TO DO:
Please output exactly the run of lines that starts at the line with "this 1344×896 image." and ends at the last line of the records below.

Top of DATA FOR REVIEW

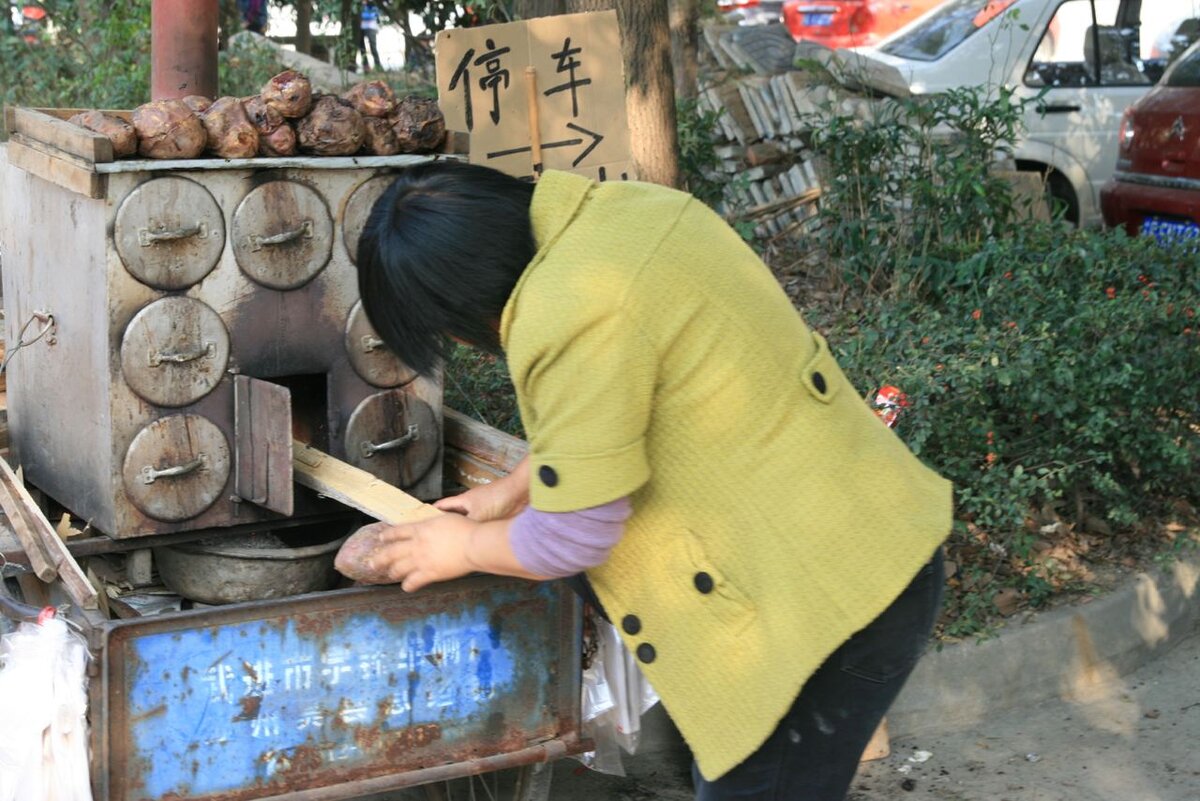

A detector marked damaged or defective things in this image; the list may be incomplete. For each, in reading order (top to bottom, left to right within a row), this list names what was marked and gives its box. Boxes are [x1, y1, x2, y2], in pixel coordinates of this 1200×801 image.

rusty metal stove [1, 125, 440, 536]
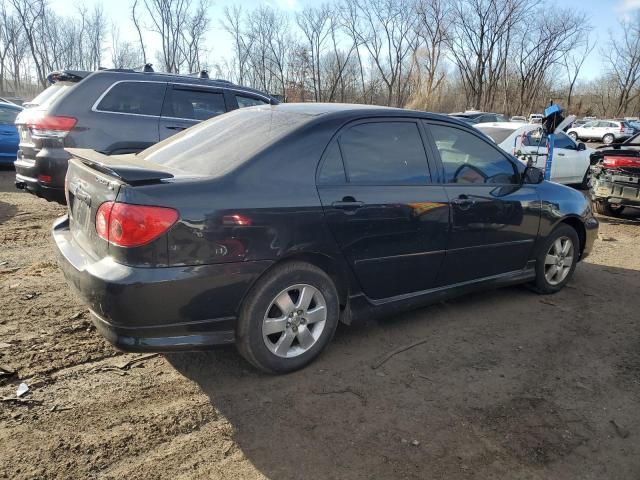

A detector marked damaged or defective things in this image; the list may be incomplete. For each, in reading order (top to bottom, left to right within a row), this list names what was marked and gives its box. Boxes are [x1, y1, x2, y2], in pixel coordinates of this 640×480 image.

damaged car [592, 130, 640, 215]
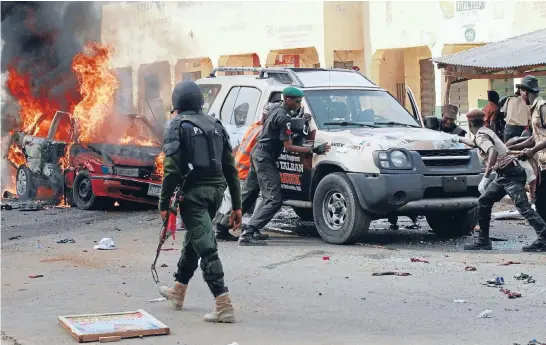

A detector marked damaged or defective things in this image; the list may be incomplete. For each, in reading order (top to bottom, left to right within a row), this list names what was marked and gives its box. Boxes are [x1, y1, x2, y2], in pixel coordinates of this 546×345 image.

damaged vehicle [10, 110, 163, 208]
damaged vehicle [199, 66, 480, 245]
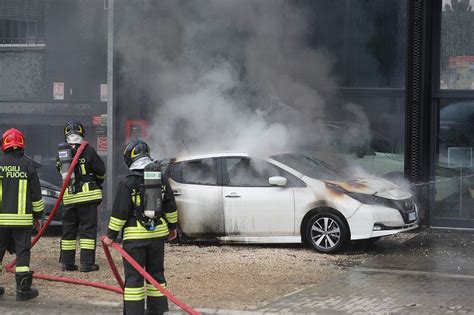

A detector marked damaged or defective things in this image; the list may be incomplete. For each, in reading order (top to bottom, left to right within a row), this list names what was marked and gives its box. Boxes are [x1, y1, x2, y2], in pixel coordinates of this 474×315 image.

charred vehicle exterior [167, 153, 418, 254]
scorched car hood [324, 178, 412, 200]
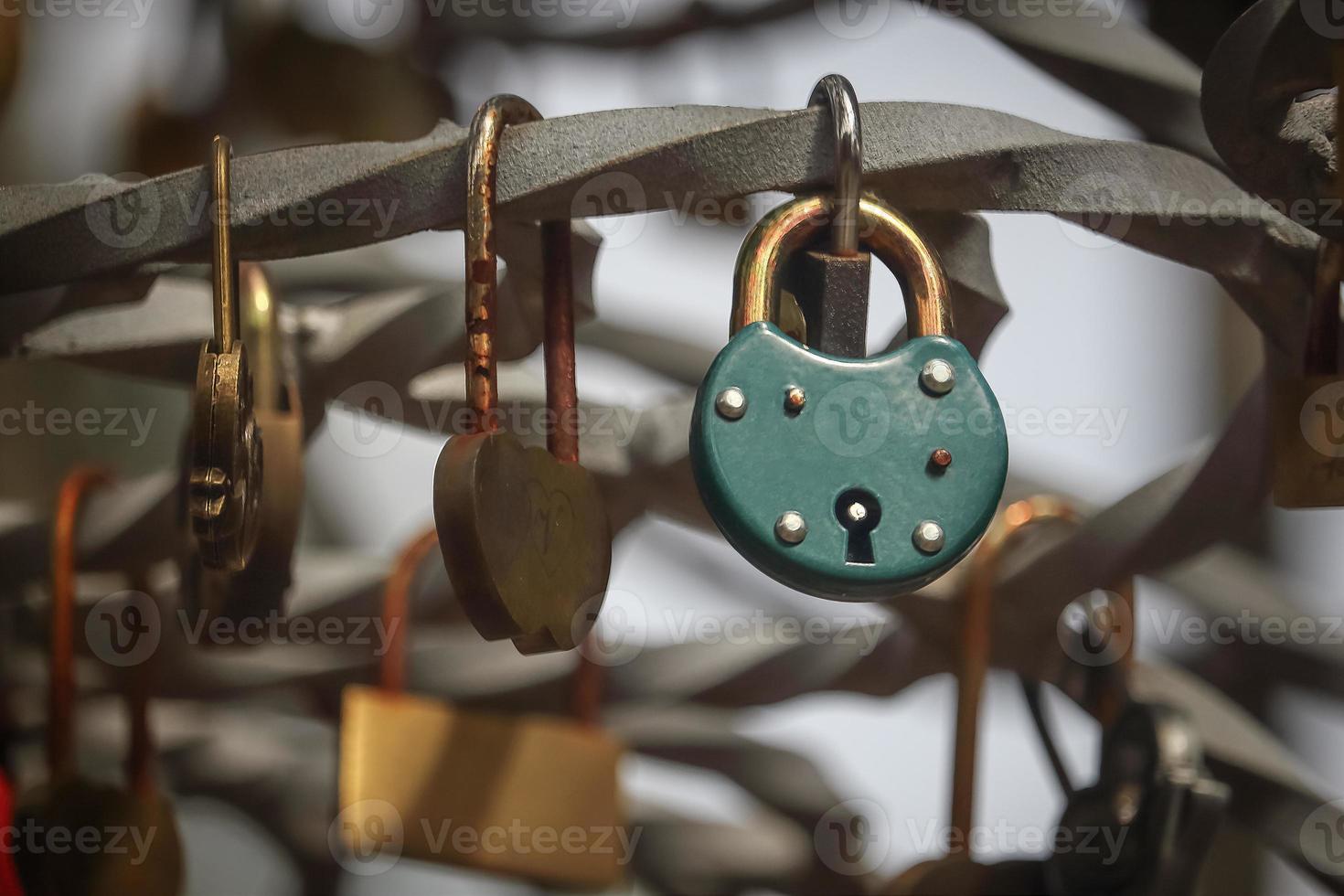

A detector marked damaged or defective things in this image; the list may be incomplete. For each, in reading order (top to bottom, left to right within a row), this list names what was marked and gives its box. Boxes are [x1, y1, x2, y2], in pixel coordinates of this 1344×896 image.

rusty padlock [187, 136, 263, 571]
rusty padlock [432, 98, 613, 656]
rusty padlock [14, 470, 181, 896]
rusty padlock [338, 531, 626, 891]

Bottom of DATA FOR REVIEW

ANSWER SPACE:
A detector marked damaged or defective things in this image; the list may be incomplete. For each, in reading order (top to bottom, left to right within a row), this list names what was marked and gives its box. Boxes are [x1, y1, x2, y2], in pixel coordinates of this 1344×896 image.

rusty padlock [187, 136, 263, 571]
rusty padlock [432, 98, 613, 656]
rusty padlock [14, 470, 181, 896]
rusty padlock [338, 531, 626, 891]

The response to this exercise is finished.